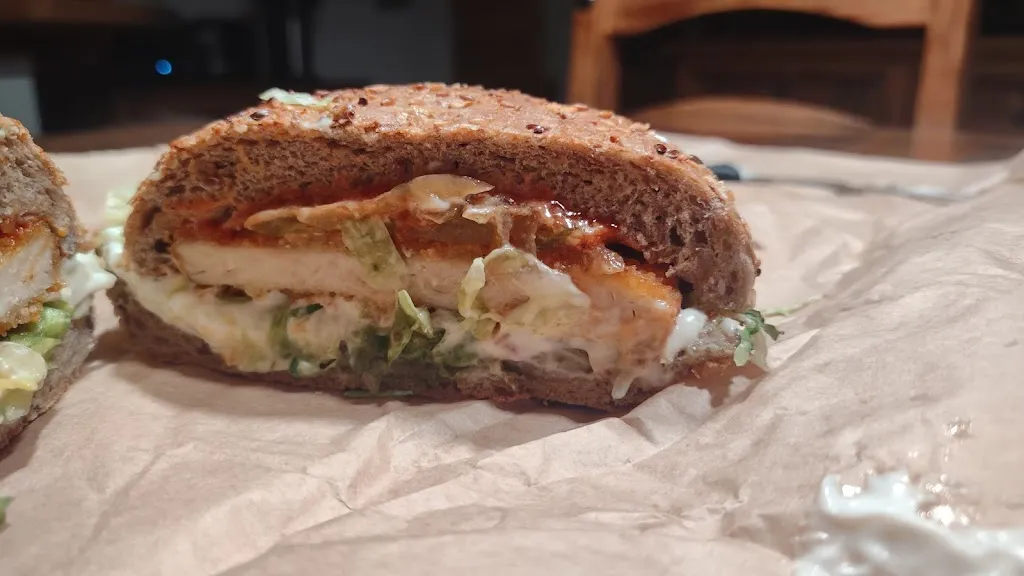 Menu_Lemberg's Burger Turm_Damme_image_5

* * *

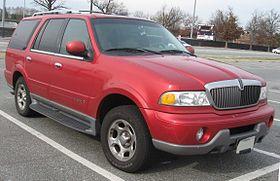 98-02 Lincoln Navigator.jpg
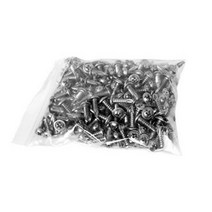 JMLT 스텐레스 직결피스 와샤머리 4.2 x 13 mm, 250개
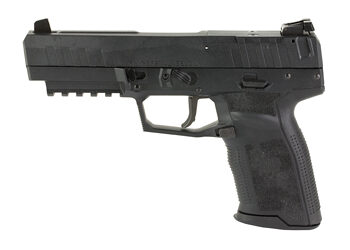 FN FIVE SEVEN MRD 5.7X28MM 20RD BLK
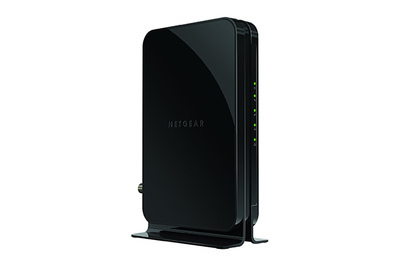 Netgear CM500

* * *

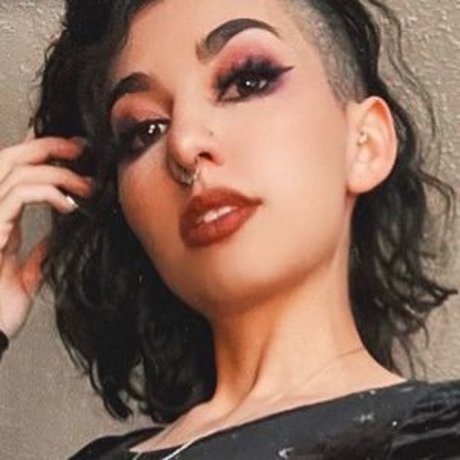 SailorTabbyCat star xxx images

◆ PROBLEM STATEMENT ◆
If a picture sits between the line containing "FN FIVE SEVEN MRD 5.7X28MM 20RD BLK" and the line containing "Netgear CM500", leave it out, and return the lines of that range above exactly, both ends included.

◆ ANSWER FOR THE TASK ◆
 FN FIVE SEVEN MRD 5.7X28MM 20RD BLK
 Netgear CM500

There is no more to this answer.